Muito se fala do império da lei. Normalmente nos momentos em que se busca fugir do alcance da lei. E nesta confusão, acabamos por esquecer que o Estado de Direito exige que todos sejam iguais perante a lei; que as leis sejam justas, claras e conhecidas; que a criação e a manutenção da lei e da ordem sejam feitas de maneira justa e eficiente; e que o judiciário seja claro, acessível, produzindo resultados previsíveis que, afinal de contas, sejam apenas reflexos da lei. Seria bom que fosse assim. Seria. Mas não é.

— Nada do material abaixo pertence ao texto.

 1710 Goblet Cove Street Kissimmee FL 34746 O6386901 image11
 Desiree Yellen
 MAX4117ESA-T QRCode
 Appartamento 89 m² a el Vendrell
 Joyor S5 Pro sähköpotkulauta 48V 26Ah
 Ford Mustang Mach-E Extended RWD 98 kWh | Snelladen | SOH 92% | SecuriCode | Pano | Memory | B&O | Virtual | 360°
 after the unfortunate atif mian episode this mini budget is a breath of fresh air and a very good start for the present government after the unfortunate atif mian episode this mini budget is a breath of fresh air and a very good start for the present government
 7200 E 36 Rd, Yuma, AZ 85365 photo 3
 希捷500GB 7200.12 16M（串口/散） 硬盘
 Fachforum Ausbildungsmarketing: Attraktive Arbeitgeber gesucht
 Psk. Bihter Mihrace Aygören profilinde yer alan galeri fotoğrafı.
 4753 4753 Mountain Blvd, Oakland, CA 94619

Apesar dos conceitos simples e claros, conseguimos, seguindo nossa velha vocação, carnavalizar o império da lei para além do seu reconhecimento. O Brasil criou um emaranhado de leis tão complexo que não somente torna impossível ao cidadão comum conhecer as leis que o governa, mas também torna difícil sua aplicação.

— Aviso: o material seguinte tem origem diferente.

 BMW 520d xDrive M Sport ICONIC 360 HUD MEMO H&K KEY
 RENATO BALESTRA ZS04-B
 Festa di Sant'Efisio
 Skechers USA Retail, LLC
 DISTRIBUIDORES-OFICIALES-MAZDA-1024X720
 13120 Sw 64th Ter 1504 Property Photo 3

Incapazes de compreender as leis ou os mecanismos da justiça, cidadãos comuns padecem. O acesso à justiça passa ser função dependente de recursos para o pagamento de advogados, seres que hoje se dedicam a intermediar relações com entre o judiciário e os cidadãos.

Junta-se a isso um judiciário disfuncional, sem norte, dominado por vaidades, interesses, e complexidades sem sentido. Com a possível exceção de bilhete de loteria, nada é mais incerto do que o resultado de um julgamento no Brasil. Especialmente se este for sentença de órgão colegiado.

O resultado já conhecemos. Está evidente no dia a dia. E aparece como peça de escarnio a cada vez que o judiciário é chamado a decidir. Após tediosas horas de erudição falsa utilizada para justificar ausência de coerência, normalmente emitem resultados confusos e somente possíveis em arranjo institucional moribundo.

O certo é que nos trópicos o império da lei inexiste ou é precário. E, sem ele, estamos condenados ao fracasso, eternamente lamentando o que poderíamos ter sido, mas amargando o somos. Habitando o país onde tudo depende.